Unlike previous such loans, the money cannot be easily parked at the ECB and banks are supposed to lend it on, making it a litmus test of their confidence in borrowers such as small companies, the euro zone’s economic backbone. Banks say credit demand is also weak.
The low take-up in part highlights a darkening mood among lenders, as even mighty China sees its growth slow and the 18-country currency bloc’s economy grinds almost to a halt.
Benoit Coeure, who sits on the ECB’s Executive Board, said the loans would help “improve banks’ access to longer-term liquidity”.
“Together with our other measures they create conditions that stimulate credit growth,” he said.
But many analysts are sceptical that this will happen because they say banks may in part use the fresh credit to repay previous ECB loans.
They see it instead as another reason for the ECB to print fresh money to buy government bonds, shoring up confidence as it pumps billions of euros into circulation.
“The ECB is under so much pressure to move its balance sheet,” said Reinhard Cluse, an economist with UBS. “It needs to have deeper and more liquid pools of assets.
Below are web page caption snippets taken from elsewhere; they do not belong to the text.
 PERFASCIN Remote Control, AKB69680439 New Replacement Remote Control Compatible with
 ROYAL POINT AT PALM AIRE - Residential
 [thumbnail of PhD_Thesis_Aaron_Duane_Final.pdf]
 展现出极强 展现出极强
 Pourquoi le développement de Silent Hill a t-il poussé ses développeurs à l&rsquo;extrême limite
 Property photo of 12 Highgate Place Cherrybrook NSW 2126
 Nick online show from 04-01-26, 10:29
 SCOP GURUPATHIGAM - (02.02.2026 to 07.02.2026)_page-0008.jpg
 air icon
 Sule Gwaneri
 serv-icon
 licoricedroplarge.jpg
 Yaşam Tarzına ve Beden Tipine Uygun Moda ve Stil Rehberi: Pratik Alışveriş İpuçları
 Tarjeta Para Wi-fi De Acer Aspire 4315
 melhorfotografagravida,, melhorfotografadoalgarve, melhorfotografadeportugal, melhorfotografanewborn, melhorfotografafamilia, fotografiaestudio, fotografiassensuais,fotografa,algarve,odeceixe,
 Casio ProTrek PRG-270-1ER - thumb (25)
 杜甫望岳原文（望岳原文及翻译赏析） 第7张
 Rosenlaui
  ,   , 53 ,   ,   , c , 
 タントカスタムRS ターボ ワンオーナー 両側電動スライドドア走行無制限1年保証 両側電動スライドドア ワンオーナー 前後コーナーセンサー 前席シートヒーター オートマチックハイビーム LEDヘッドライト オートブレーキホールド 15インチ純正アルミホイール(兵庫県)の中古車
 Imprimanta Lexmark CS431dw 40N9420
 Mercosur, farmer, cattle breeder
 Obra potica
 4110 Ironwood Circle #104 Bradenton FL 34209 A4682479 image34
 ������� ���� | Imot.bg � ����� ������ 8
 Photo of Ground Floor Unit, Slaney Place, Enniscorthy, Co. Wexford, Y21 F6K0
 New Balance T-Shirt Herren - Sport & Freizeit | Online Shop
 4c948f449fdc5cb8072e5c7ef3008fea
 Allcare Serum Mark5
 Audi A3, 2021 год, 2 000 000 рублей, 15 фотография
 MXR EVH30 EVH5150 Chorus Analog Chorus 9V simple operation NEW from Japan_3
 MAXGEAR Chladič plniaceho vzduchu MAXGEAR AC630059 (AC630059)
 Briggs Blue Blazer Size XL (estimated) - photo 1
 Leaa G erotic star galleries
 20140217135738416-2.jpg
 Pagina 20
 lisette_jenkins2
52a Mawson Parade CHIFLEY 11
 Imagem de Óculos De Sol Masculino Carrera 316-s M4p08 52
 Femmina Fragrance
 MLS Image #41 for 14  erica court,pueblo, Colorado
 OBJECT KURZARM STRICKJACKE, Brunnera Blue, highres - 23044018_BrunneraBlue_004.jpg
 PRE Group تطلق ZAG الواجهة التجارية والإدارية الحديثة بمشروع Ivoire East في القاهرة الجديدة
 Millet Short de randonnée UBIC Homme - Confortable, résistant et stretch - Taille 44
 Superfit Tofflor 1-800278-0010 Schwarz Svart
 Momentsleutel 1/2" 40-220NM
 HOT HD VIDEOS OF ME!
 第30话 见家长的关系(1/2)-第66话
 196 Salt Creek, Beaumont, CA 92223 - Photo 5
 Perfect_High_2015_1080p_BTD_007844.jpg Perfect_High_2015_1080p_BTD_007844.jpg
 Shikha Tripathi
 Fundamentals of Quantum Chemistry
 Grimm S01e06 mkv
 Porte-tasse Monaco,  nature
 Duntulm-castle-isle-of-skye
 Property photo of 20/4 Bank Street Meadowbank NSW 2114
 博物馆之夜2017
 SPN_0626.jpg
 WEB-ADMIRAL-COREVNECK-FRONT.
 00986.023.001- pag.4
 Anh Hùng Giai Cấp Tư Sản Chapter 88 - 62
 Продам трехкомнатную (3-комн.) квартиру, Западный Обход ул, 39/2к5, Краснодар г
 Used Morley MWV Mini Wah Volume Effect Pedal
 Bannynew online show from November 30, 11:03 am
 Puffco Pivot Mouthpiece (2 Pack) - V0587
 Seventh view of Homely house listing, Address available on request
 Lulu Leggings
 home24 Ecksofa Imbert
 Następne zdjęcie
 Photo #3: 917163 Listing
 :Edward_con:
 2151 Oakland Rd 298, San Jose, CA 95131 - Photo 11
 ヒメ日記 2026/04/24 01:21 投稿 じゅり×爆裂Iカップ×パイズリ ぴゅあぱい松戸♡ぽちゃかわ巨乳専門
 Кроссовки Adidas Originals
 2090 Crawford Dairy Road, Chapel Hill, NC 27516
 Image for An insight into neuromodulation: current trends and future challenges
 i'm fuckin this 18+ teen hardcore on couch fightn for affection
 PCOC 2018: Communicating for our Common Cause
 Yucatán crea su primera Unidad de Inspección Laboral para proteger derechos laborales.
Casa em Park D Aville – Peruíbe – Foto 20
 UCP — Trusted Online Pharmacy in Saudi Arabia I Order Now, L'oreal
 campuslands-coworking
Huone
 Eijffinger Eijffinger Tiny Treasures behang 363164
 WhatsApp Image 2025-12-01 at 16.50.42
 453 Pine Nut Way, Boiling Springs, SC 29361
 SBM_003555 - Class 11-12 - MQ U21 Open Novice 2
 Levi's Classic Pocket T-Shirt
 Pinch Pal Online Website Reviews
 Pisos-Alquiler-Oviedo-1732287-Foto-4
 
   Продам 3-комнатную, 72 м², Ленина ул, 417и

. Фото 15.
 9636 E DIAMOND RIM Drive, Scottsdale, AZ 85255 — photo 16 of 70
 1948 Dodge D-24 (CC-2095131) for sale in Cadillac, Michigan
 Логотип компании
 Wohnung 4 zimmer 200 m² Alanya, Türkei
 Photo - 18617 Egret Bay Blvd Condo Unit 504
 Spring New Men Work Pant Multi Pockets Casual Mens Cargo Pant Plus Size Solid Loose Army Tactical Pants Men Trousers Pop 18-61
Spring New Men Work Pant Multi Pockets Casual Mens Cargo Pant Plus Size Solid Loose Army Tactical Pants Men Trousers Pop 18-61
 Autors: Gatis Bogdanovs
That’s a strong case for sovereign bonds.”
JP Morgan said after Thursday’s lukewarm take-up that it expected the ECB to announce plans in January to buy 500 billion euros of sovereign debt.
Banks borrowed almost 130 billion euros ($160 billion) of four-year loans from the ECB in the latest round, bringing total take-up to just over 212 billion euros — far short of the 400 billion euro limit identified by ECB President Mario Draghi.
Underlining the gravity of the situation in the euro zone, France’s core price inflation turned negative, its first drop since records started in 1990.
ECB policymakers have dropped hints recently that the central bank’s Governing Council, with its core executive and governors from across the bloc, could move in the direction of money printing as soon as January.
There are deep divisions on this question, however, with a small group of countries led by powerful Germany opposed, fearing that it would encourage reckless borrowing by spendthrift states which already have huge debts.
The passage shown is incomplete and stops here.